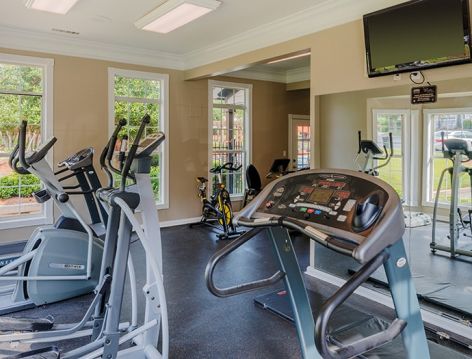 Fitness Center 2 at Milstead Village luxury apartment homes in Atlanta, GA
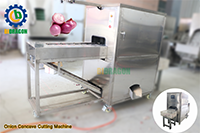 Onion Concave Cutting Peeling Machine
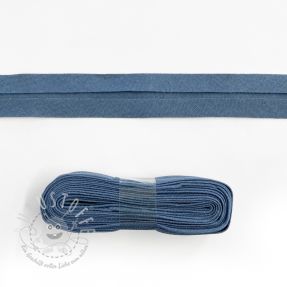Schrägband baumwoll - 3 m jeans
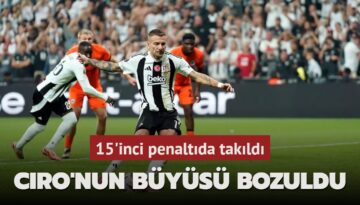 Ciro’nun büyüsü bozuldu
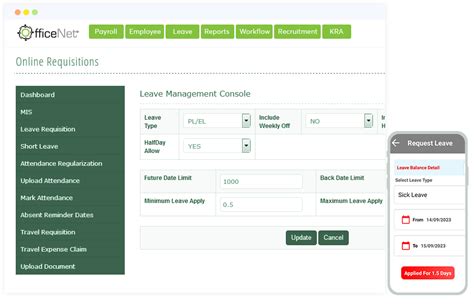 Leave Management System | Best Employee Leave Management Software India ...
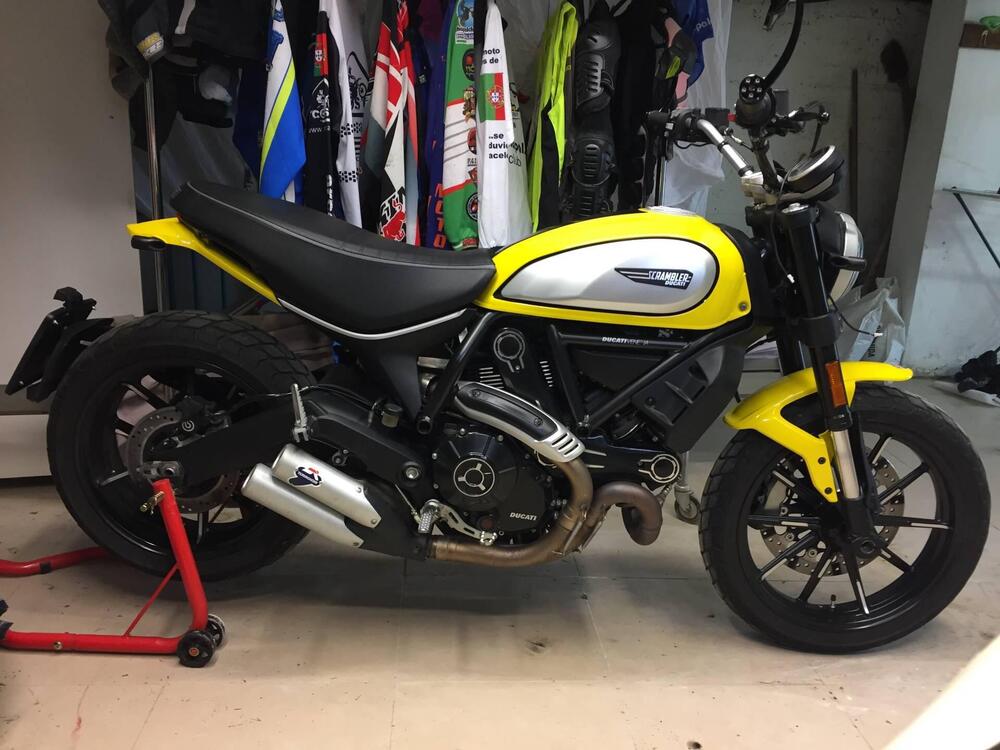 Ducati Scrambler 800 Icon (2017 - 20)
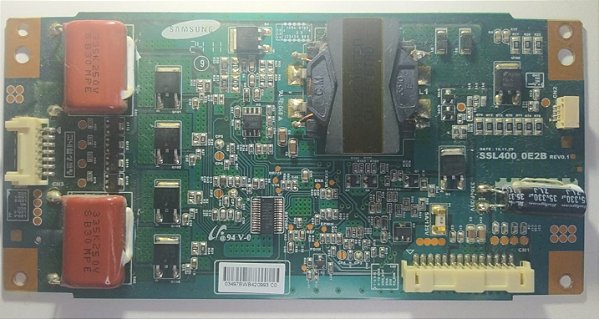 Placa Inverter Tv Semp Toshiba Le4050 (b) Ssl400_0e2b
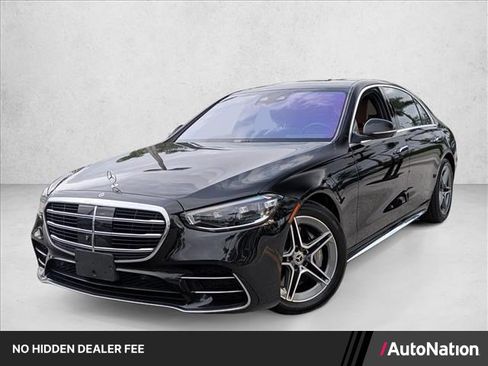 Certified 2022 Mercedes-Benz S 580 4MATIC Sedan image 1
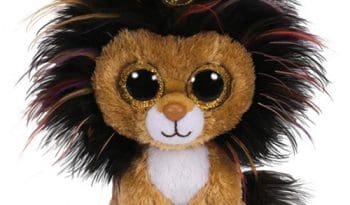 TY Ramsey Lion With Horn - Beanie Boos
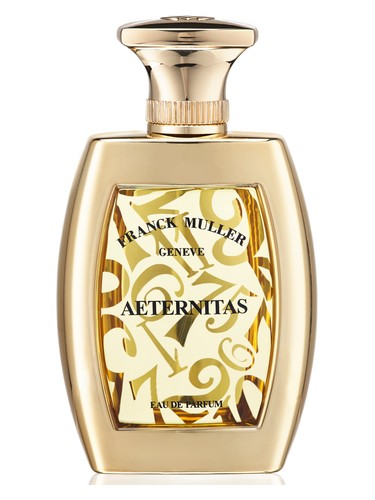 Franck Muller Aeternitas fragrance bottle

**Task prompt:** What you produce should repeat the data word for word while omitting all images.

**Response:**
 Fitness Center 2 at Milstead Village luxury apartment homes in Atlanta, GA
 Onion Concave Cutting Peeling Machine
Schrägband baumwoll - 3 m jeans
 Ciro’nun büyüsü bozuldu
 Leave Management System | Best Employee Leave Management Software India ...
 Ducati Scrambler 800 Icon (2017 - 20)
 Placa Inverter Tv Semp Toshiba Le4050 (b) Ssl400_0e2b
 Certified 2022 Mercedes-Benz S 580 4MATIC Sedan image 1
 TY Ramsey Lion With Horn - Beanie Boos
 Franck Muller Aeternitas fragrance bottle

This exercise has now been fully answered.